On Wednesday, Washington’s players had one of those player’s-only meetings management dreads. Behind closed doors, fingers point, expletives are uttered, clichés are tossed and egos are bruised. And then everyone checks their email.
But there was good reason for it. The Nationals had just been shut out by the Boston Red Sox for their fifth straight defeat and 18th in their last 24 games.
The loss dropped the team, the preseason favorite to win the National League East, to 42-43, buried in third place behind the upstart Atlanta Braves and Philadelphia Phillies.
Not as bad as the New York Mets or Miami Marlins, of course, but utterly distressing, nonetheless.
Then on Thursday, after falling behind 9-0 in the first game of a four-game series at home against the rebuilding, revolting and repelling Marlins, the Nats put together the biggest rally in their history and won 14-12.
Just imagine what things would be like if that hadn’t happened. A presidential tweet may have been in store.
But now comes the difficult part, at least in the theoretical sense, when you think about the future of the franchise.
What are the Nationals going to do with Bryce Harper, soon to be the most coveted free agent in the game?
There was a story the late Hall of Famer Ralph Kiner loved to tell about Branch Rickey, the executive who brought Jackie Robinson to Brooklyn. Rickey was the general manager of the Pirates in 1953 when Kiner, one the great sluggers in team history, asked Rickey for a raise.
Kiner had hit an NL-leading 37 homers with 87 RBIs in 1952, but the Pirates finished last in the National League with a 42-112 record and Rickey wanted to cut Kiner’s salary.
“Ralph, If I can finish last with you, I can finish last without you,” Rickey told him.
Then he traded Kiner to the Cubs. So keep that in mind.
Let’s take a quick look at the payroll Rizzo much manage: Max Scherzer ($22.1 million) and Harper ($21.6) alone account for 23 percent of it. Then you have Daniel Murphy ($17.5), Anthony Rendon ($12.3) and Gio Gonzalez ($12.0) right behind.

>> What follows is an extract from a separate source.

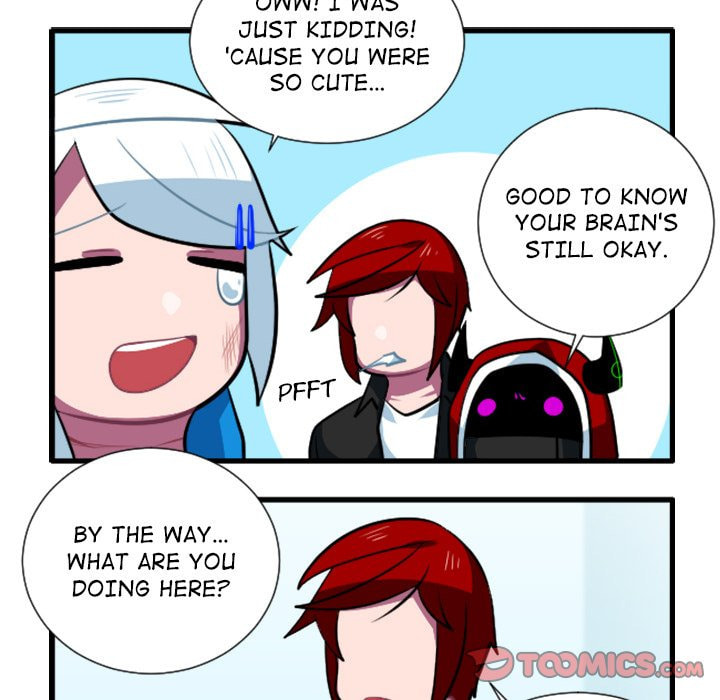 Kansen Rettou Chapter 172 page 13 -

The team is currently paying players on its disabled list, like Stephen Strasburg, Ryan Zimmerman and Matt Wieters, another $43 million with $13.5 also set aside for deferred payments to players no longer with them, such as Jayson Werth ($10 million).

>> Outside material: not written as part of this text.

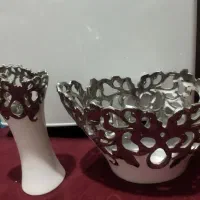 کشکول و گلدون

Let’s look down the line. The team is deep into long-term deals with Scherzer (seven years, $210 million), Strasburg (seven years, $175 million) and Zimmerman (six years, $100 million that won’t begin to expire until 2021, when Zimmerman is done.)

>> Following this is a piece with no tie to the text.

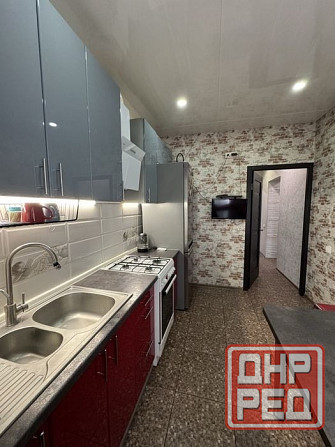 Сдам однокомнатную квартиру, Ворошиловском районе Донецк - изображение 2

And what have the Nationals gotten in return for their investment? Only four postseason appearances and not a single series win.
After this season, Gonzalez and Murphy will also be free agents, and it seems unlikely either will be high on Washington’s retention list.
But what about Harper?
Harper was hitting .215 before Thursday’s game after going 0-for-4 against Boston pitching on Wednesday. He is having a terrible season. His average has dipped 53 points since May 3.
On Thursday, his agent, Scott Boras, told the Washington Post that he believed the exaggerated defensive shifts being deployed are not only hurting Harper, but destroying the game.
Here is Washington’s basic decision: If they decide they are still in the pennant race, and why wouldn’t they at such an early stage, they obviously will stick with Harper and let the season and his contract play out.
What if the Nats think they don’t have a shot? Wouldn’t it be a better idea to move Harper to a contender before the trade deadline and harvest a gaggle of top-flight prospects instead of running the risk of losing him for nothing?
It’s what the Tigers did last season with Justin Verlander. It’s what the Athletics did last season with Sonny Gray. It’s what the Mets did last season with Jay Bruce. It’s what the Orioles will do this season with Manny Machado.
Harper does have 21 homers and 50 RBIs with a .363 on-base percentage. He has also walked 70 times, 18.5 percent of his at-bats, confirming Boras’ suspicion that pitchers are working around him.
But what are the chances, given their current contractual obligations, that the Nationals will even be in play for Harper, who likely will be looking for Chris Paul money ($40 million a year) in his next contract.
Are you sure you still want to be Mike Rizzo?